O delegado disse que os piauienses também teriam participação em um segundo homicídio, sem qualquer relação com a facção criminosa.

"Eles são bem organizados, mas já estavam sendo monitorados, tanto que apreendemos todo esse material,  cerca de 10 kg de maconha, nove armas de fogo, vários aparelhos celulares e R$ 40 mil usado para o financiamento do tráfico de drogas", reitera. 

Alguns dos presos piauienses têm grau de parentesco e já tinham antecedentes criminais, de acordo com a Polícia Civil do Piauí. 

"A facção enviou um membro para ser executado em Teresina e pudesse fazer o vídeo. Os piauienses teriam feito a execução e estamos investigando a motivação. O Piauí foi escolhido por ser distante de Manaus-AM e algumas pessoas que já eram envolvidas com o tráfico de drogas no Piauí tinham passado por Manaus. Os piauienses já tinham antecedentes por tráfico, estelionato e são quase todos da mesma família, primos, sobrinhos, irmãos, cunhados", conclui Humberto Mácola, em entrevista coletiva na sede do Greco. 

Os presos- que não tiveram os nomes revelados-devem responder por associação criminosa, tráfico de drogas, associação para o tráfico e homicídios.

 

PUBLICADA ÀS 10H16

Sete suspeitos de integrarem uma facção criminosa que teria envolvimento no massacre com 56 mortes no sistema prisional do estado do Amazonas foram presos em Teresina, nesta sexta-feira  (26), durante operação Guará, que ocorre também no Maranhão, Ceará, Amazonas e Santa Catarina. 

O Cidadeverde.com apurou que o massacre ocorrido no Amazonas teve como um dos 'estopins' a morte de um dos membros da faccção criminosa [considerado um dos maiores traficantes de drogas do país] que foi vítima de uma emboscada em Teresina. 

"Um dos membros da facção criminosa veio de avião a Teresina com documento falso para participar de um assalto milionário. Só que não existia esse roubo. Ele veio enganado, foi vítima de uma emboscada por membros da própria facção que está em guerra interna, ou seja, existe mais de um líder dentro desse grupo brigando pelo poder", apurou o Cidadeverde.com. 

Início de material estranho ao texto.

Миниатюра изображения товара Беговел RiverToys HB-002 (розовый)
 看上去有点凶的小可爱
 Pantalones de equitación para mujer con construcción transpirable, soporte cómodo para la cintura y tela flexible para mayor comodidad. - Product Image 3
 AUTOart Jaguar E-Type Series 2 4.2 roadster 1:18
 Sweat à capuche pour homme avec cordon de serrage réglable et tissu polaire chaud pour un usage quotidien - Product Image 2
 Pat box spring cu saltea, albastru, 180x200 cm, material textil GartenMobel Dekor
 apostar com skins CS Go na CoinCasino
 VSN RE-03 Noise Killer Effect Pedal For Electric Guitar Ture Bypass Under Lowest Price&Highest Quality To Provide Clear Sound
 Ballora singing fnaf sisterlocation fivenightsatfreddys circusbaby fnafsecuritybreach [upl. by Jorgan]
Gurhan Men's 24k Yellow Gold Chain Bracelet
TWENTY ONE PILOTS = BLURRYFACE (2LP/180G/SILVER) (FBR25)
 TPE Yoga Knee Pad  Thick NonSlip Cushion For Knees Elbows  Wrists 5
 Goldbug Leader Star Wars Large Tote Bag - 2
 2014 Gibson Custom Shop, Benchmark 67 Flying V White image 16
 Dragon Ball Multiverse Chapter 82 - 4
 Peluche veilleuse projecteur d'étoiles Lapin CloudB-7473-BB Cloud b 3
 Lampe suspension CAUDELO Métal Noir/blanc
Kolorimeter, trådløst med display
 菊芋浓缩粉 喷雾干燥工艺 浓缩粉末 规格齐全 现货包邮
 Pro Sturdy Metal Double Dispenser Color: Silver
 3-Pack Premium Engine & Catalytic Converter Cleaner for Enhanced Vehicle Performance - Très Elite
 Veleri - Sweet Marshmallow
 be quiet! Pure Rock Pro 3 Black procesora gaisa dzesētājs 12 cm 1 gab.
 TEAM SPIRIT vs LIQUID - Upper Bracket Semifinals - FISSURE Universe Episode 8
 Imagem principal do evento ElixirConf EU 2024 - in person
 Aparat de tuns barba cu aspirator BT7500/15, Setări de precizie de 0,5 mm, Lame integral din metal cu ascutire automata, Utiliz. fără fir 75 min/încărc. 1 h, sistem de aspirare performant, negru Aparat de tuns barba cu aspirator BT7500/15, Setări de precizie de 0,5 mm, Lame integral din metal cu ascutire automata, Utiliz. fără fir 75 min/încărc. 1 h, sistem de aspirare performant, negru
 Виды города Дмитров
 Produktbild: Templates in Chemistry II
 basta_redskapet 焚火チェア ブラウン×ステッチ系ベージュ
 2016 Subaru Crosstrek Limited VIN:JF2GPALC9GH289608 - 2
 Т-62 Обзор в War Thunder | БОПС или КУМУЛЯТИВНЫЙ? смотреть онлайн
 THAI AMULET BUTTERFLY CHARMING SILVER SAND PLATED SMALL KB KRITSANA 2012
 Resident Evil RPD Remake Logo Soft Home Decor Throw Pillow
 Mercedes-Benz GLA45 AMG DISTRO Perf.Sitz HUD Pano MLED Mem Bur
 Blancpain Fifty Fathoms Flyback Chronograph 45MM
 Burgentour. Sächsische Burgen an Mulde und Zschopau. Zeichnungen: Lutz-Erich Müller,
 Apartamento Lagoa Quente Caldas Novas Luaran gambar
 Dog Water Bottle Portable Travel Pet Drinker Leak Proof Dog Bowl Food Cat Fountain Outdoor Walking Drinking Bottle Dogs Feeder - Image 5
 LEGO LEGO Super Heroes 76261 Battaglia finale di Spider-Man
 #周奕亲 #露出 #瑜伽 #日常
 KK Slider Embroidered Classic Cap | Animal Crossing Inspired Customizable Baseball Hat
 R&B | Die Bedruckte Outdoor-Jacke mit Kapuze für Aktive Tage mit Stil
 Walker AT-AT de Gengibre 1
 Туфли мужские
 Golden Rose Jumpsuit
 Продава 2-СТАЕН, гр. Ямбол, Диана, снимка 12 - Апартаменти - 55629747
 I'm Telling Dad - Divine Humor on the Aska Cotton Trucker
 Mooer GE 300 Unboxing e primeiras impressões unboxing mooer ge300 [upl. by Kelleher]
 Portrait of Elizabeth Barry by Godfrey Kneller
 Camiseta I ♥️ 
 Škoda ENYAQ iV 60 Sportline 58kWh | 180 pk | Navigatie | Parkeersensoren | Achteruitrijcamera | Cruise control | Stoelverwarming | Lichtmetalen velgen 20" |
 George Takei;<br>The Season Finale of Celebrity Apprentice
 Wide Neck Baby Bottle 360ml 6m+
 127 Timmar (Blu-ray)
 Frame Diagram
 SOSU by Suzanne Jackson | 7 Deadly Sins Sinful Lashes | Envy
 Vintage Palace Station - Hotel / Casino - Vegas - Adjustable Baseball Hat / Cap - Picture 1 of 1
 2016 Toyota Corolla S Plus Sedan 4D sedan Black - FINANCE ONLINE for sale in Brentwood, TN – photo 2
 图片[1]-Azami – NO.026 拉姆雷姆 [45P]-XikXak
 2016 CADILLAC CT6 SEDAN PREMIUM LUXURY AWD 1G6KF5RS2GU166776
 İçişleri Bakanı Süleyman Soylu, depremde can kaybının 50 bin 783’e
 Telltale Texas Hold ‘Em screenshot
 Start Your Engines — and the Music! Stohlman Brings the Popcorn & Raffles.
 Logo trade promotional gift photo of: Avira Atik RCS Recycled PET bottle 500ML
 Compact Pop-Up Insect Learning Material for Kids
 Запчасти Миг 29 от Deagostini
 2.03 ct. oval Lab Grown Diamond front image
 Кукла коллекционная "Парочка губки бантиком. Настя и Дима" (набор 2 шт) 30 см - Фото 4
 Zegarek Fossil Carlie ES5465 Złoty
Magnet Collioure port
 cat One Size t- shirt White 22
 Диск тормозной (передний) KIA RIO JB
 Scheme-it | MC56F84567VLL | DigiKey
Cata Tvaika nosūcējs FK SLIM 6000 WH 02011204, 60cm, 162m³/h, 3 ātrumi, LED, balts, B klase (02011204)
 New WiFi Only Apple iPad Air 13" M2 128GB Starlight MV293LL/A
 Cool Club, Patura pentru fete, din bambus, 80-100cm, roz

O amazonense morto em Teresina, em maio deste ano, teve o corpo encontrado na estrada de Caxias, no Maranhão. Antes da execução, ele foi torturado e obrigado a gravar um vídeo que repercutiu no sistema prisional do Amazonas e, em retaliação, ocorreram as 56 mortes. 

"O vídeo mostra ele amarrado, com o rosto sangrando e bastante machucado. Ele foi obrigado a dar declarações sobre a facção criminosa, que a esposa de um dos membros dessa facção traía o marido e em seguida foi morto", apurou o Cidadeverde.com. 

Além dessa morte, um segundo amazonense também foi executado no estado do Piauí. 

PRISÕES

Os presos em Teresina ainda não tiveram os nomes divulgados. De acordo com a SSP-PI durante a abordagem foram apreendidos submetralhadoras, pistolas, revólveres e drogas.

O Cidadeverde.com apurou também que membros da facção criminosa teria vindo a Teresina para expandir o tráfico de drogas. 

A operação Guará é comandanda pela Delegacia de Combate ao Crime Organizando do Estado do Amazonas, por meio da Secretaria de Segurança Pública do Estado do Amazonas, em parceria com a Secretaria  de Segurança Pública do Estado do Piauí.

Os presos estão sendo autuados na sede do Grupo de Repressão ao Crime Organizado(Greco).